* _What you have to do_:
Would you repeat word for word the lines of the listing that follows, from the one with "Foto del edificio - 523 N Walnut St" up to and including the one with "Aukcja sprzedaży 2018", and leave out the images?

* _Given records_:
+++

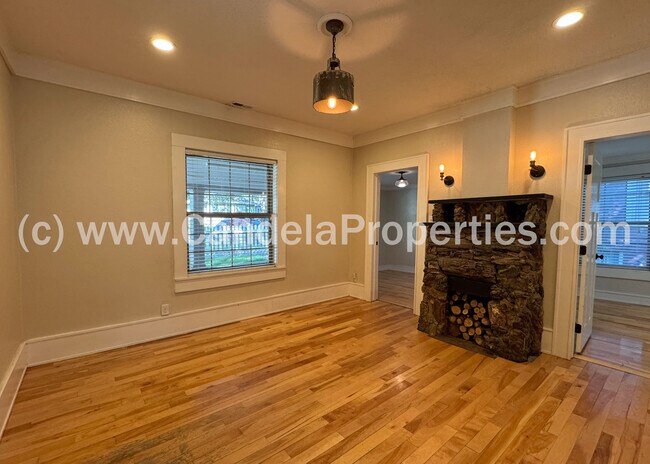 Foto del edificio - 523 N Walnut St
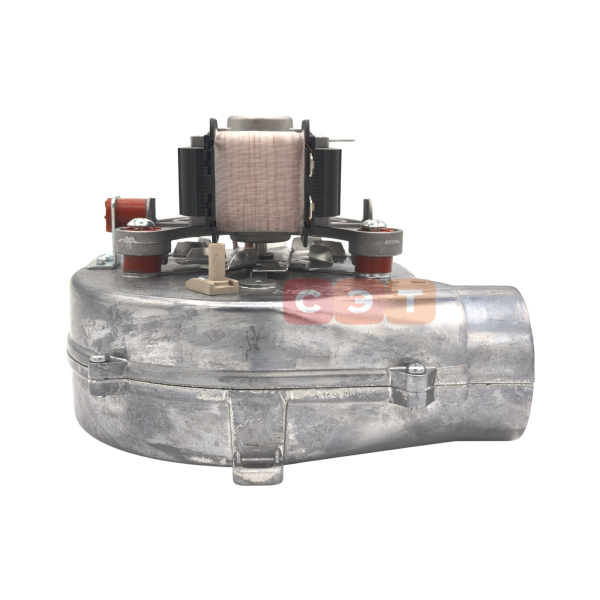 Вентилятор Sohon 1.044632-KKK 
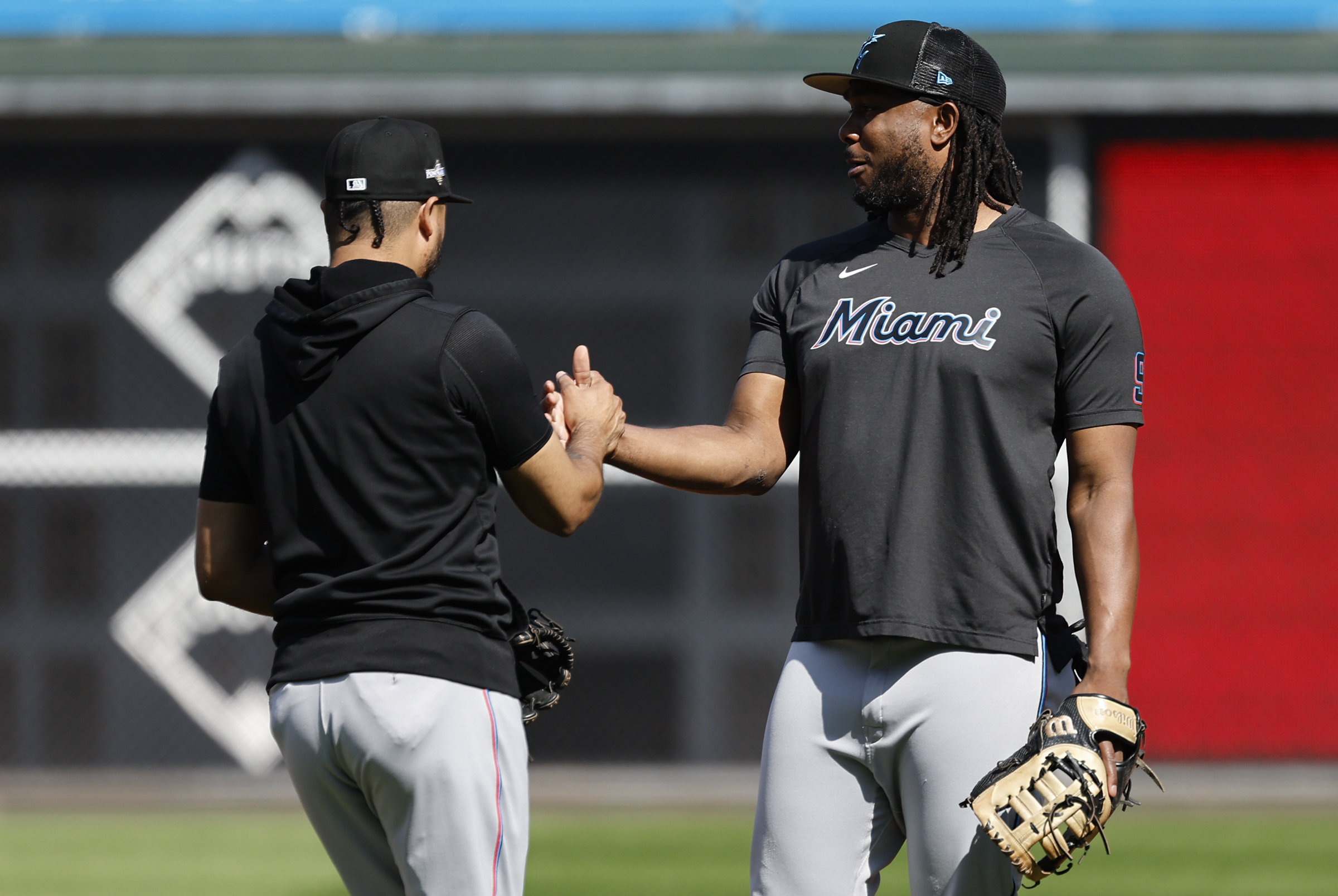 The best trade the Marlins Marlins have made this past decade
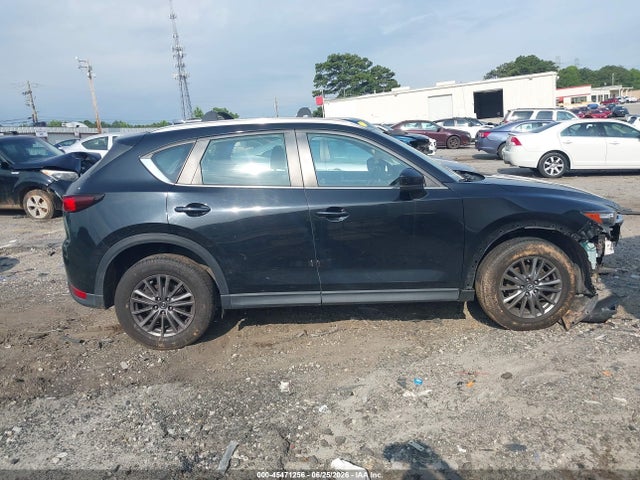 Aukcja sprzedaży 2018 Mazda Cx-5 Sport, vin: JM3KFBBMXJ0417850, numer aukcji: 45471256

+++

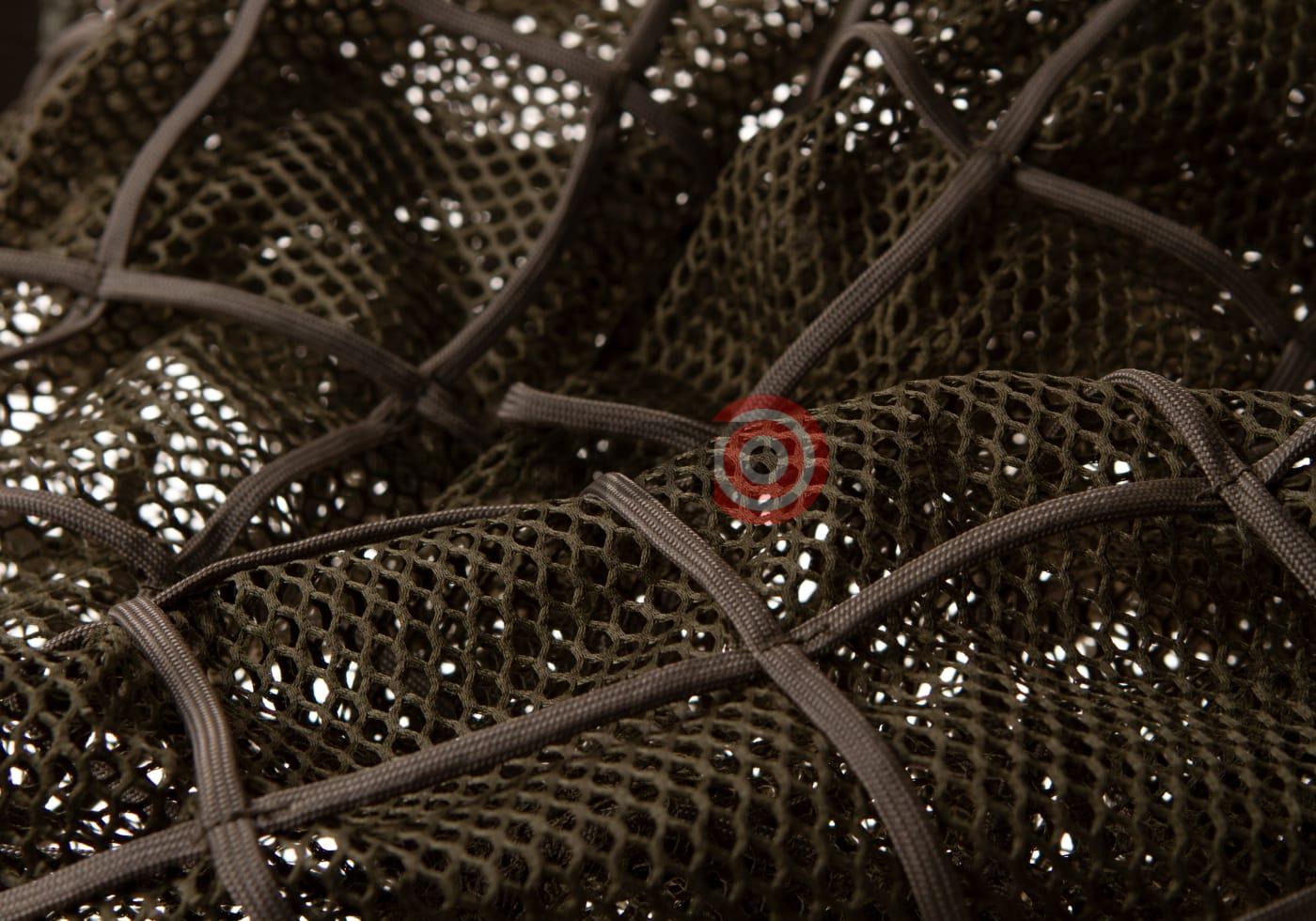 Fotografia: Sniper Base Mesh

+++

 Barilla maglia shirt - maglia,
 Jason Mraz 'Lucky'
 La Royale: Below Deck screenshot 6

+++

* _Exercise result_:
 Foto del edificio - 523 N Walnut St
 Вентилятор Sohon 1.044632-KKK 
 The best trade the Marlins Marlins have made this past decade
 Aukcja sprzedaży 2018 Mazda Cx-5 Sport, vin: JM3KFBBMXJ0417850, numer aukcji: 45471256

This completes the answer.